What to work on:
Print all entries below exactly, without images.

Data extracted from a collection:
==============================
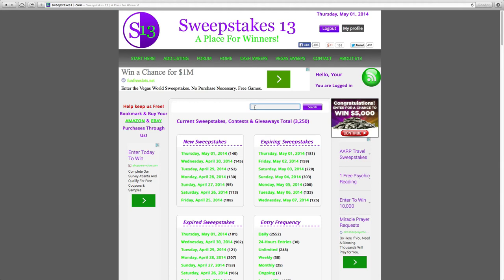The next step is we suggest logging into your membership account and viewing the video by clicking the Help link on the menu. Thousands of people are entering sweepstakes, contests, and giveaways every day. They do that for a reason, and that is because people actually do win. So you need to get started. Good luck.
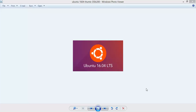Hello everyone, welcome to the Cloud Network. In this tutorial I'm going to show you how to install Ubuntu 16.04 LTS Server. In the previous video I showed you how to install Ubuntu 16.04 Desktop, and now I'm going to install the server edition.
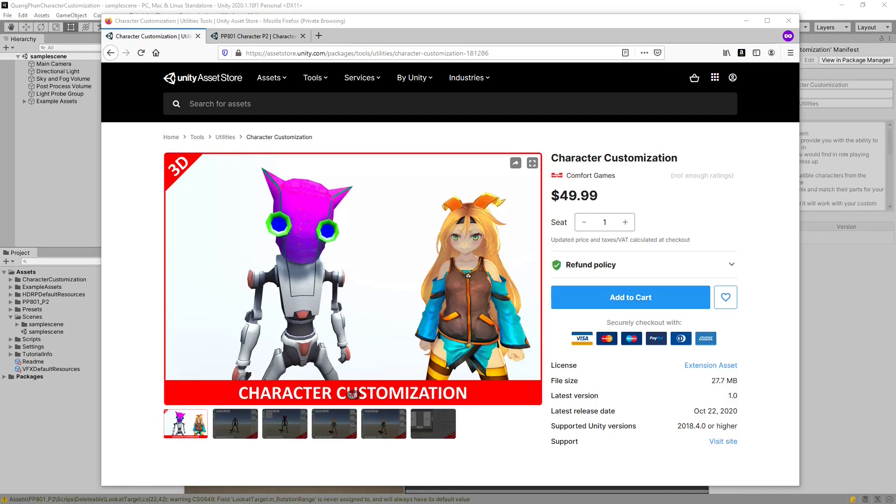Hello, and welcome to a tutorial for Unity Character Customization. This tool works with Unity 2018.4 and up, and any render pipeline.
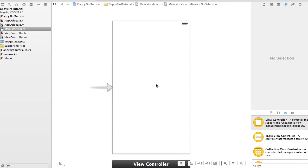In this tutorial I'm going to show you how to make a Flappy Birds style game, basically a Flappy Birds clone.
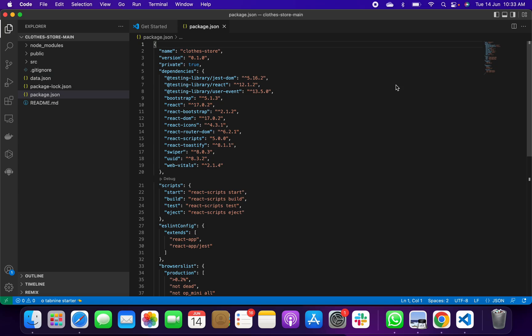Today I have come with a new project. This project name is a clothing shopping center web development project, or you can say shopping web development center project, or even you can say clothing store website-based project. In this project we have used React.js for our work or development.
==============================
Solution to this exercise:
The next step is we suggest logging into your membership account and viewing the video by clicking the Help link on the menu. Thousands of people are entering sweepstakes, contests, and giveaways every day. They do that for a reason, and that is because people actually do win. So you need to get started. Good luck.
Hello everyone, welcome to the Cloud Network. In this tutorial I'm going to show you how to install Ubuntu 16.04 LTS Server. In the previous video I showed you how to install Ubuntu 16.04 Desktop, and now I'm going to install the server edition.
Hello, and welcome to a tutorial for Unity Character Customization. This tool works with Unity 2018.4 and up, and any render pipeline.
In this tutorial I'm going to show you how to make a Flappy Birds style game, basically a Flappy Birds clone.
Today I have come with a new project. This project name is a clothing shopping center web development project, or you can say shopping web development center project, or even you can say clothing store website-based project. In this project we have used React.js for our work or development.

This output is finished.